La pretensión de algunos países de convertir el Informe Anual sobre la Libertad de Expresión en un breve compendio, tiene la intención de eludir la fiscalización a la que deben estar sometidos. Estos deseos encierran propósitos insanos. Desde hace más de diez años se viene publicando y no es si no hasta ahora que gobiernos autoritarios objeto de críticas y recriminaciones de parte de los medios y periodistas, buscan como extirparlo convirtiéndole en un simple enunciado. Incluso en lo referente a Nicaragua el Informe Anual 2010 peca de diminuto. No da cuenta de todo lo acontecido en materia de libertad de expresión. Aún así señala los retos en esta materia para toda la región. Un derecho altamente sensible, cuya conculcación afecta todo el universo de derechos humanos.
El capítulo III centrado en el acceso a la información sobre violaciones de derechos humanos y buenas prácticas llevadas adelante (Cap. IV), muestra ponderación y reconocimiento hacia aquellos gobiernos que cumplen sus responsabilidades judiciales en materia de acceso a la información. La inclusión de las declaraciones conjuntas en las que la relatoría fue partícipe, (Declaración conjunta del Décimo Aniversario: Diez desafíos claves para la Libertad de Expresión en la Próxima Década y Declaración conjunta sobre Wikileaks) muestra la trascendencia de sus aportes, en una época de cambios y un cambio de época.

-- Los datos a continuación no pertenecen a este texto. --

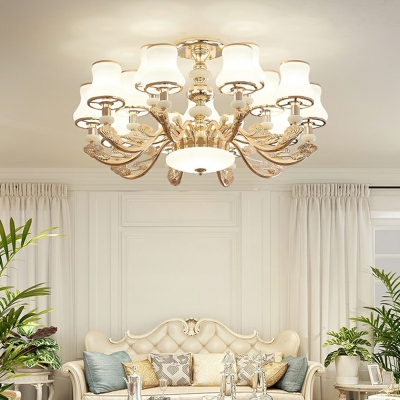 Modern Milky Glass Chandelier Lighting Fixtures Flared Rose Gold for Living Room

Un momento histórico que demanda una revisión a fondo de los supuestos que sirven de pivote a la OEA. Caso contrario dejaría de tener razón de ser. La cautela de los derechos humanos, entre los que se cuenta la libertad de expresión, exige otra conducta de Estados Unidos. El futuro de la OEA queda en sus manos más que en la de cualquier otro país.